Gabriel Di Noia

Personal information
- Date of birth: 8 March 1982 (age 44)
- Place of birth: Buenos Aires, Argentina
- Position: Forward

Team information
- Current team: Deportivo Maldonado (manager)

Senior career*
- Years: Team / Apps / (Gls)
- 1998–2001: Sacachispas / 12 / (1)
- 2002–2003: Sportivo Barracas / 10 / (0)
- Total:  / 22 / (1)

Managerial career
- 2015: Argentinos Juniors (youth)
- 2016: San Lorenzo (assistant)
- 2017: Independiente Rivadavia (assistant)
- 2018: Armenia U17
- 2019: Defensa y Justicia (youth)
- 2020–2021: LDU Quito (reserves)
- 2021: LDU Quito (caretaker)
- 2022: Barracas Central (assistant)
- 2023: Tristán Suárez
- 2024: Sud América
- 2025–: Deportivo Maldonado

= Gabriel Di Noia =

Argentine football manager and former player

Gabriel Di Noia (born 8 March 1982) is an Argentine professional football manager and former player who played as a forward.

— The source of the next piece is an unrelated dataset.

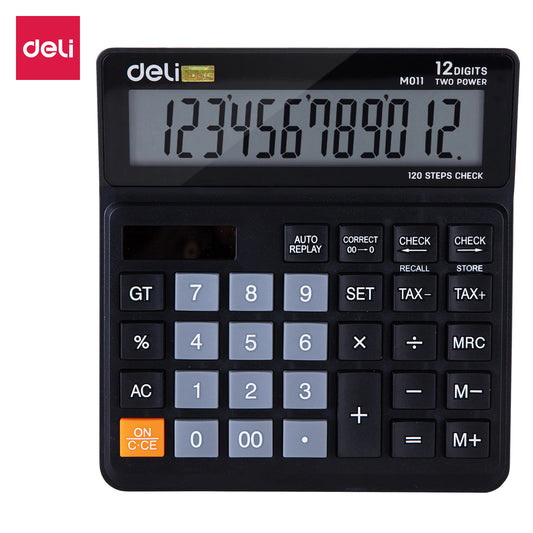 Deli WM01120 Desktop Calculator (Black, Pack of 1)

He is the current manager of Uruguayan club Deportivo Maldonado.

==Career==
Born in Buenos Aires, Di Noia played for Sacachispas and Sportivo Barracas before retiring, and subsequently worked at media outlets in Argentina and Colombia. He began his coaching career in 2015, after being a member of Fernando Batista's staff in the youth categories of Argentinos Juniors.

In the following two years, Di Noia was an assistant of Hugo Tocalli at San Lorenzo, and Pablo de Muner at Independiente Rivadavia, before reuniting with Batista in 2018, as a manager of the Armenia national under-17 team. He later worked at Defensa y Justicia's youth sides, before moving to Ecuador in January 2020 to work as LDU Quito's reserve team manager.

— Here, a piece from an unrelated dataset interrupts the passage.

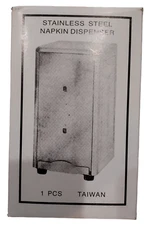 Napkin Holder Dispenser Restaurant Spring Loaded Table Top Stainless Steel ND-1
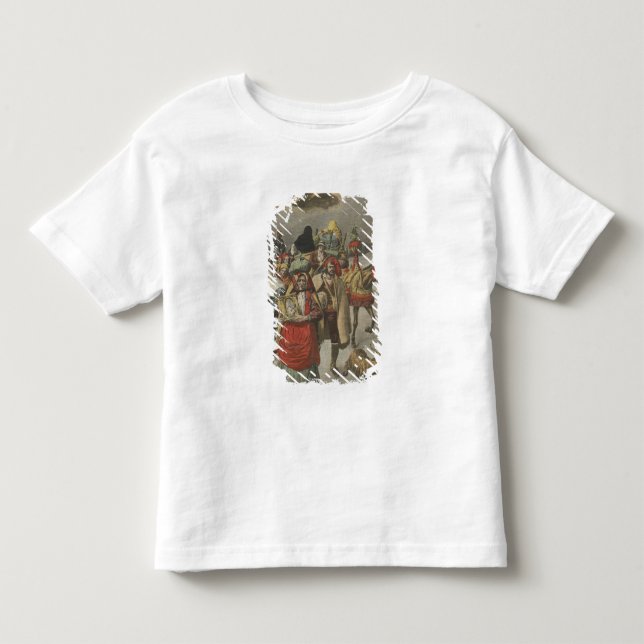 Camiseta Infantil Erupção de Monte Etna (Frente)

On 16 June 2021, Di Noia was named interim manager of LDU, after Pablo Repetto left. He led the side in the 2021 Supercopa Ecuador final, defeating Barcelona SC 1–0 in the final.

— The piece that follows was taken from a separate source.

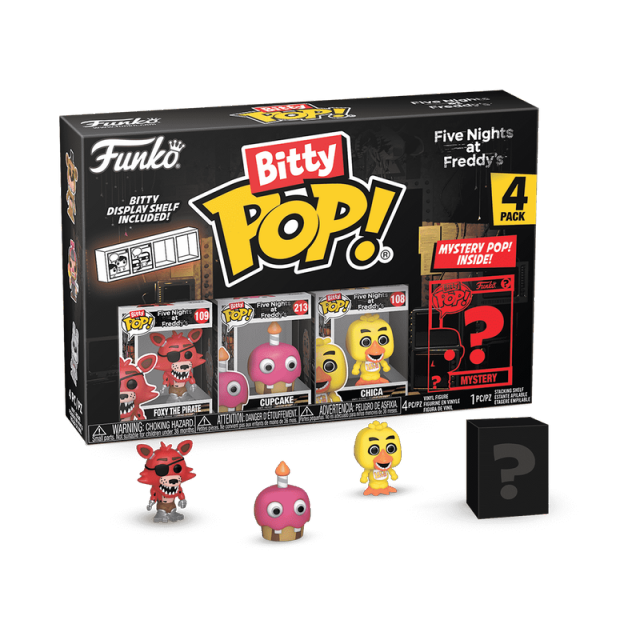 Bitty POP Five Nights at Freddy's Foxy 4PK Bitty POP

Back to his previous role after the arrival of Pablo Marini, Di Noia worked as an assistant of Alfredo Berti at Barracas Central in 2022, before being appointed manager of Tristán Suárez on 6 March 2023. On 24 July, however, he was sacked.

In April 2024, Di Noia moved to Uruguay after being named at the helm of Sud América. He left after suffering relegation, and was appointed Deportivo Maldonado manager on 10 September 2025.